▶ **Problem to solve**
Could you print exactly the lines from the one that contains "CAMISA ALGODÓN HOMBRE" to the end of the data, both ends included, and nothing else? Skip the pictures.

▶ **Entries shown**

┏━━

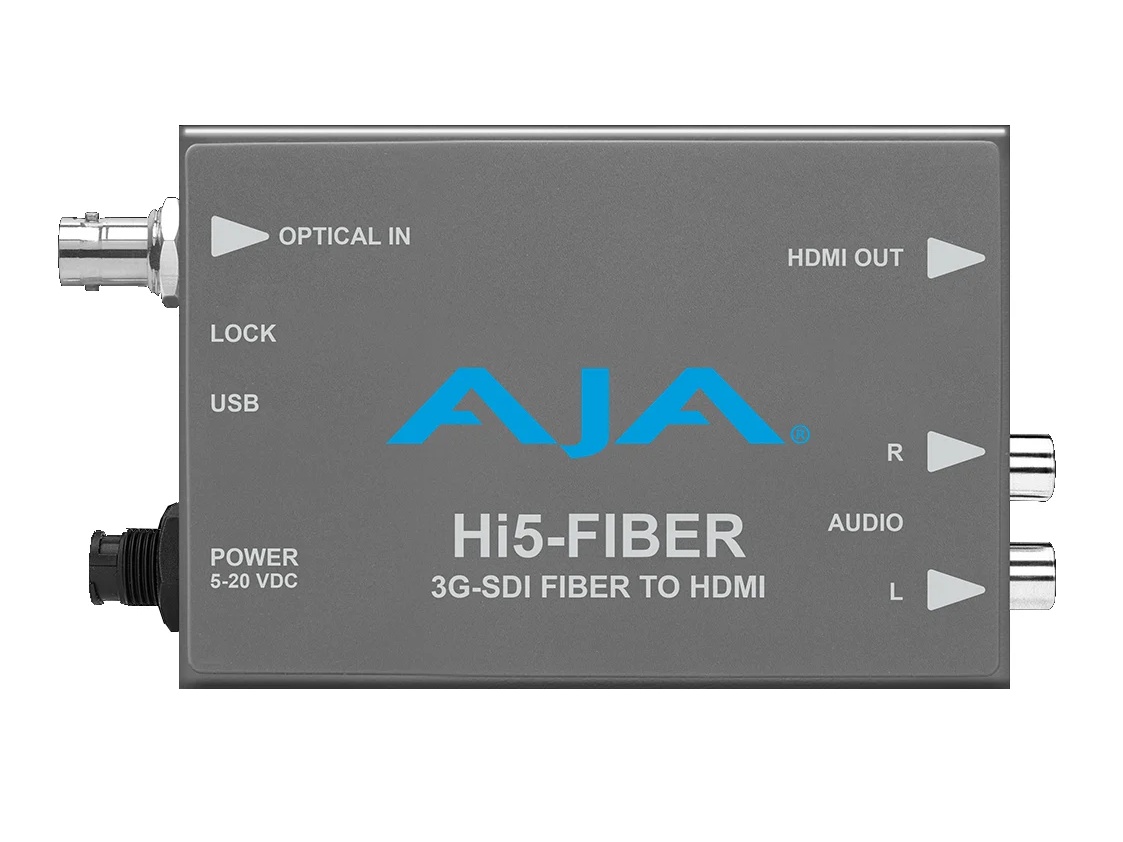 AJA Hi5-Fiber 3G-SDI over Fiber to HDMI Video and Audio Converter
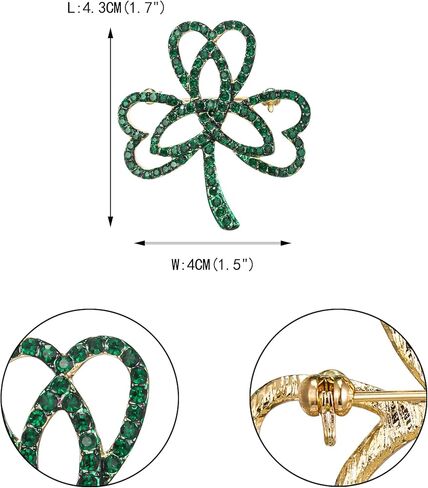 EVER FAITH St. Patrick's Day Three Leaf Clover Brooch, Good Luck 3 Love Heart Celtic Knot Green Crystal Brooch Pin Irish Holiday Jewelry Gift for Woman in Saudi Arabia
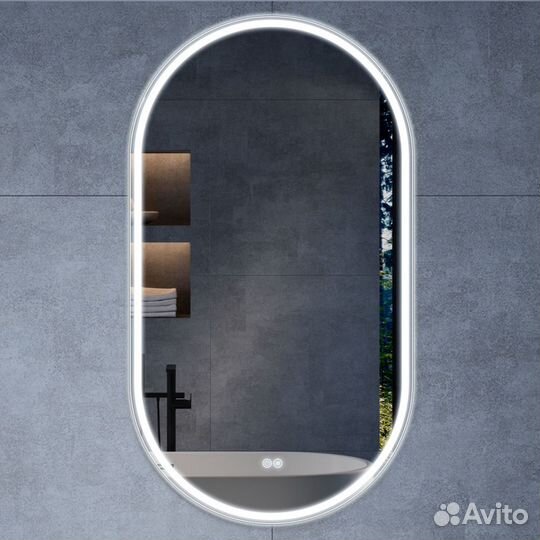 Зеркало LED VLM-3AU100-2 600х1000 c сенсорным вык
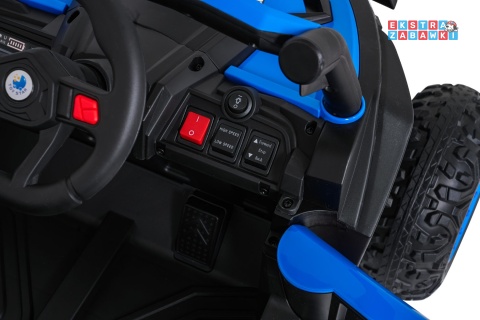 Madman UTV-MX buggy na akumulator 4x4 - niebieski, 4x35W 12V/10Ah, pilot, EVA, LED, ekoskóra [XMX-631]
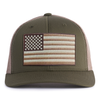 USA FLAG Embroidered 6-Panel Curved Snapback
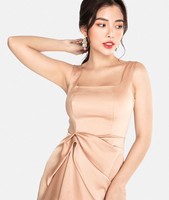 Robes midi décontractées d'été élégantes pour femmes, sans manches, col en U profond, style enveloppant ajusté, fermetures éclair unies, en mousseline naturelle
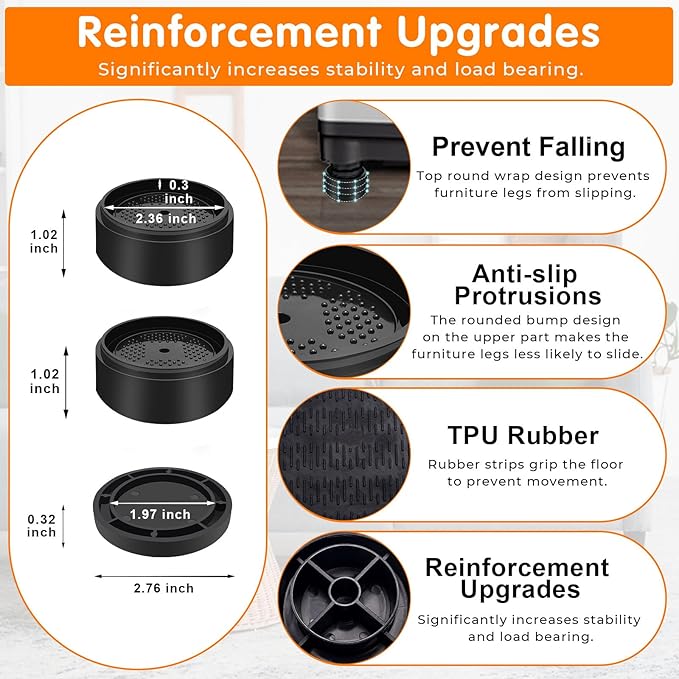 Furniture Risers Bed Risers Heavy Duty 1 inch, 2 inch, 3 inch, 4 inch Round Adjustable Bed Lifts Riser for Desk Legs Table Couch Sofa Chair Refrigerator Washing Machine (1+1+1 Inch, Black, 8 Pack )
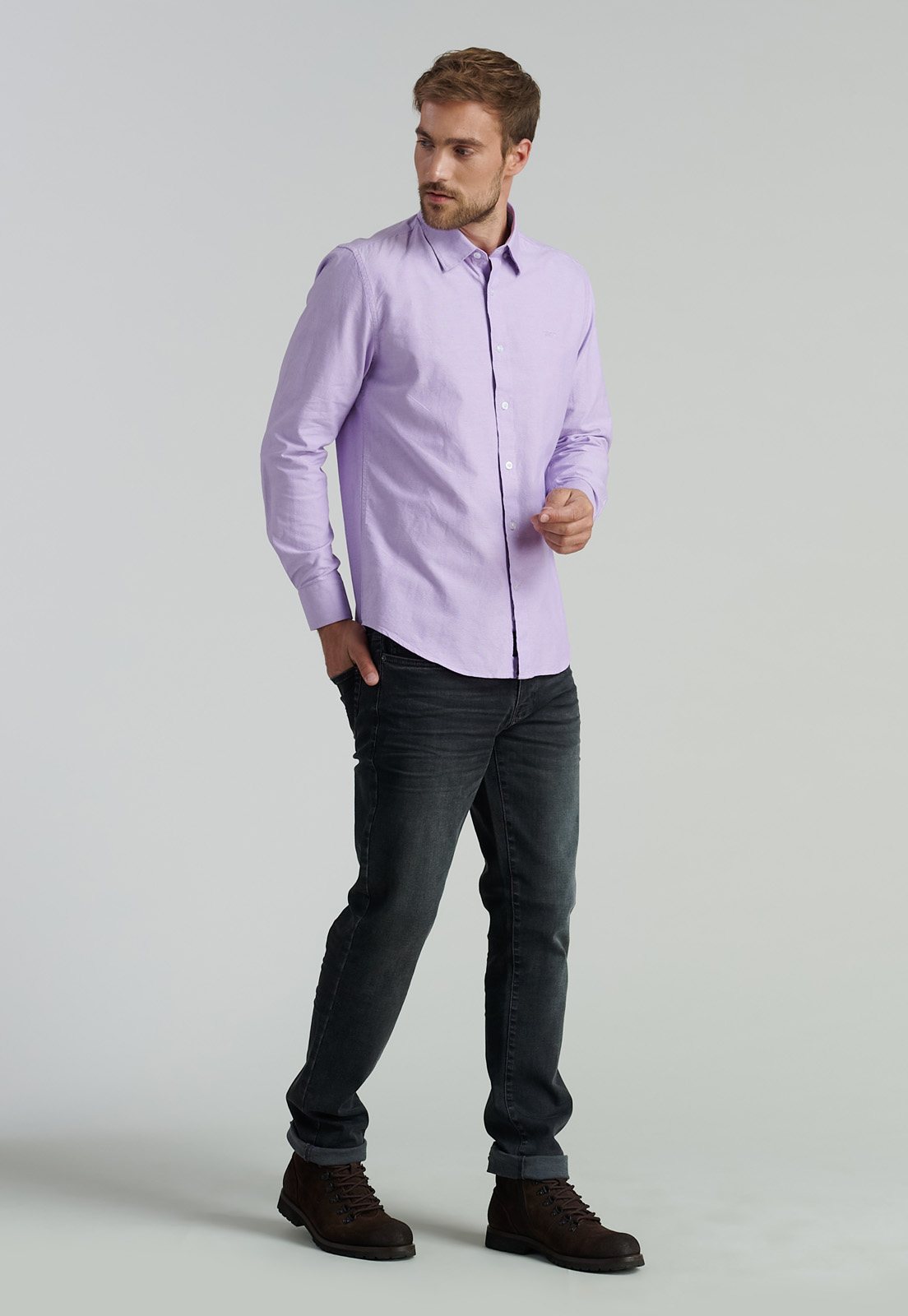CAMISA ALGODÓN HOMBRE FEROUCH MORADO SPORT OXFORD FR VIOLET - 2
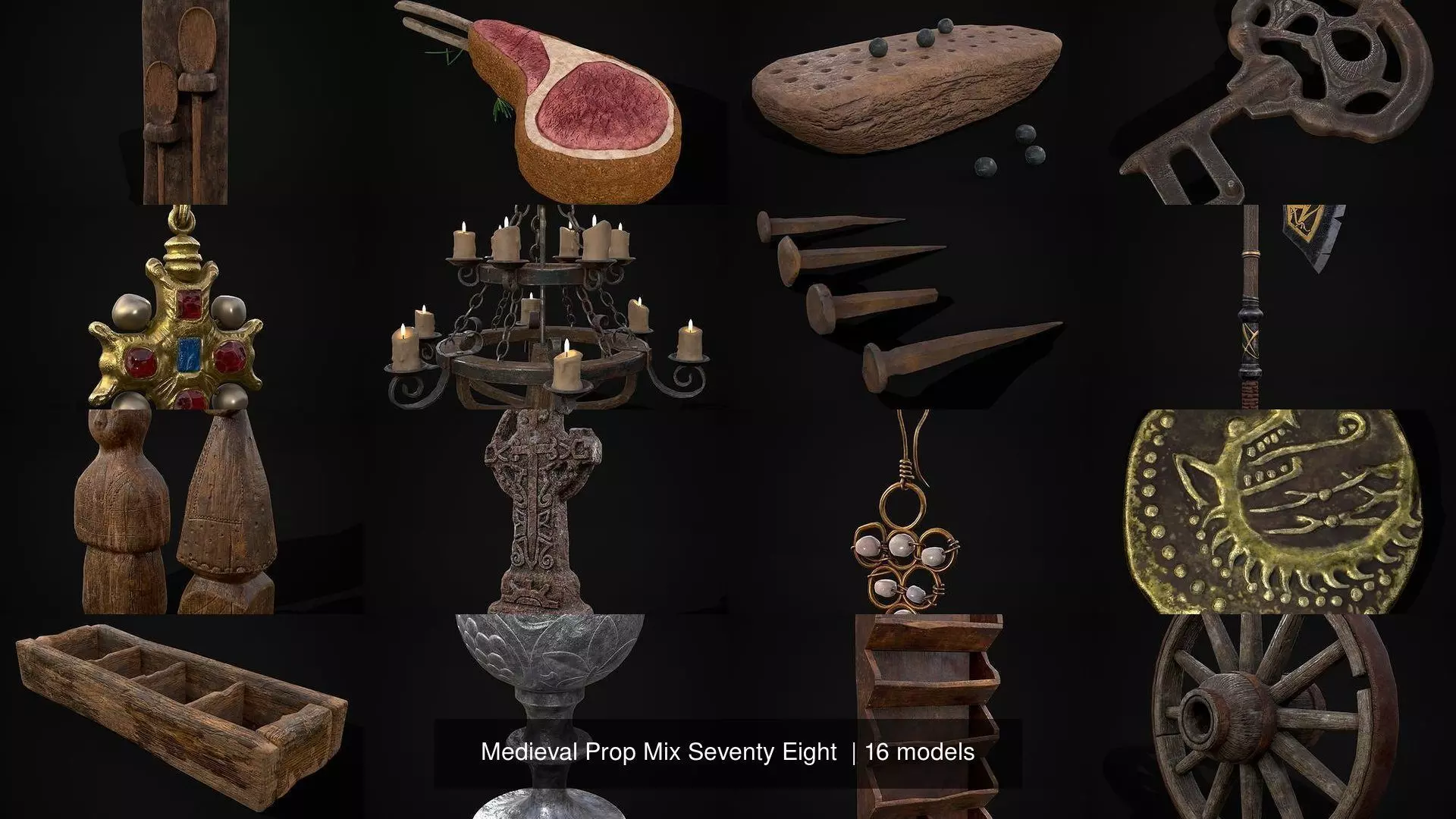Medieval Prop Mix Seventy Eight  3D Model Collection_0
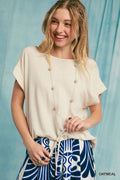 Drawstring Linen Blend Top: Oatmeal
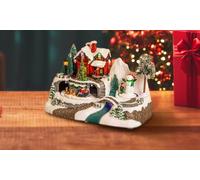 Wintem Puntale per Albero di Natale Giallo e Rosso con Stella e Slitta Rotante - Ideale per Decorare il Tuo Albero di Natale in Modo Divertente e Pratico - Illuminazione Led Intern - 51x29x8cm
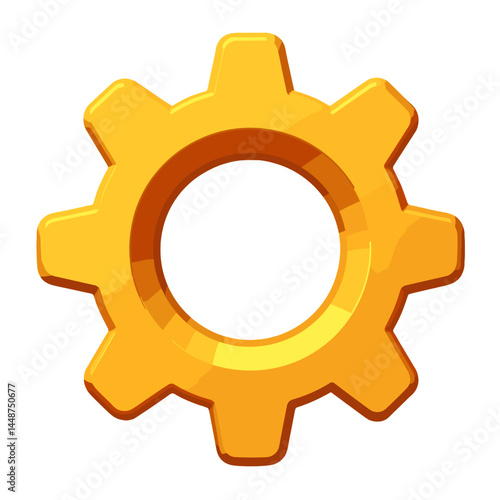 Yellow gear icon in 3D style for mechanical design  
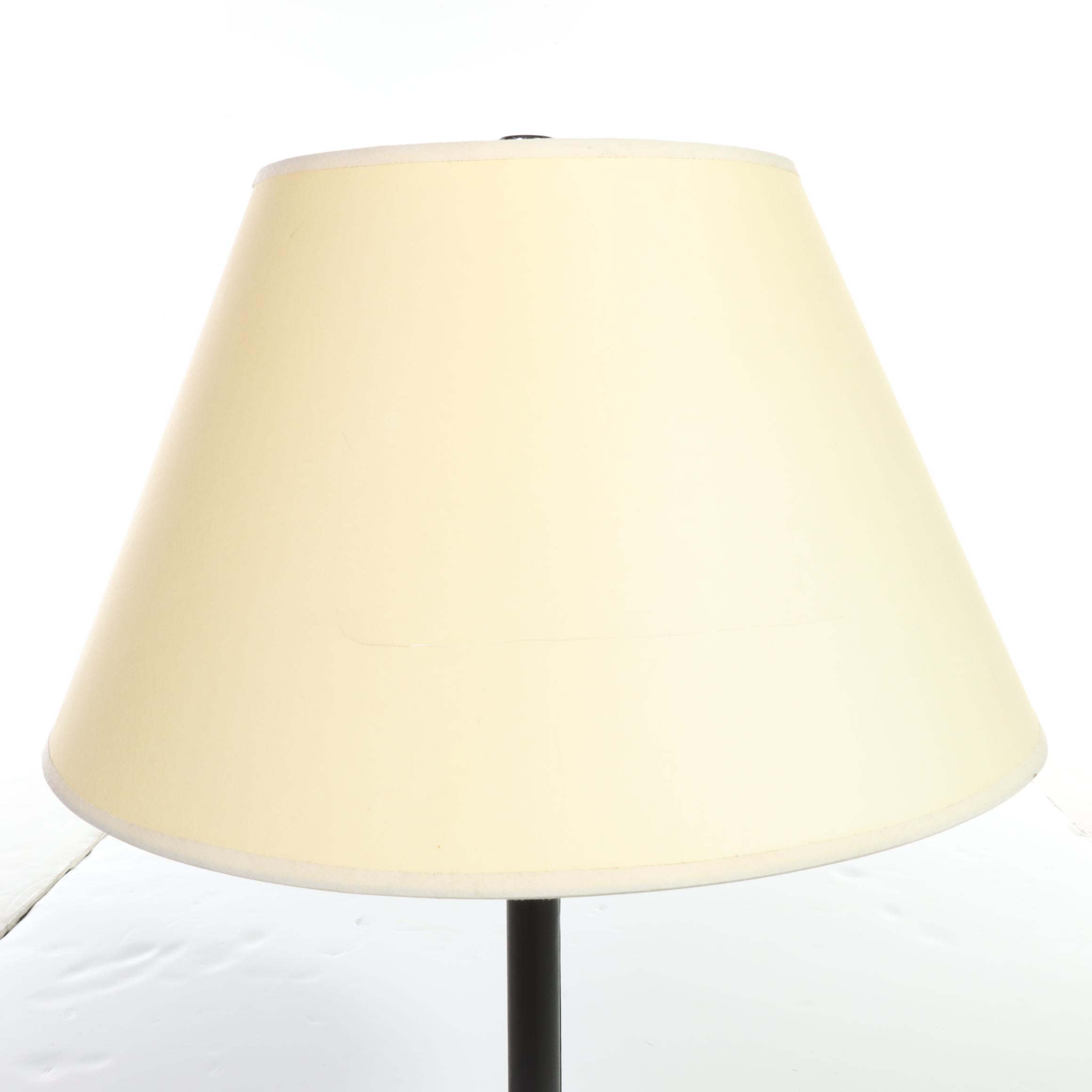Ralph Lauren Leather and Chrome Club Floor Lamp and Table Lamp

┗━━

▶ **Exercise output**
CAMISA ALGODÓN HOMBRE FEROUCH MORADO SPORT OXFORD FR VIOLET - 2
Medieval Prop Mix Seventy Eight  3D Model Collection_0
 Drawstring Linen Blend Top: Oatmeal
 Wintem Puntale per Albero di Natale Giallo e Rosso con Stella e Slitta Rotante - Ideale per Decorare il Tuo Albero di Natale in Modo Divertente e Pratico - Illuminazione Led Intern - 51x29x8cm
 Yellow gear icon in 3D style for mechanical design  
Ralph Lauren Leather and Chrome Club Floor Lamp and Table Lamp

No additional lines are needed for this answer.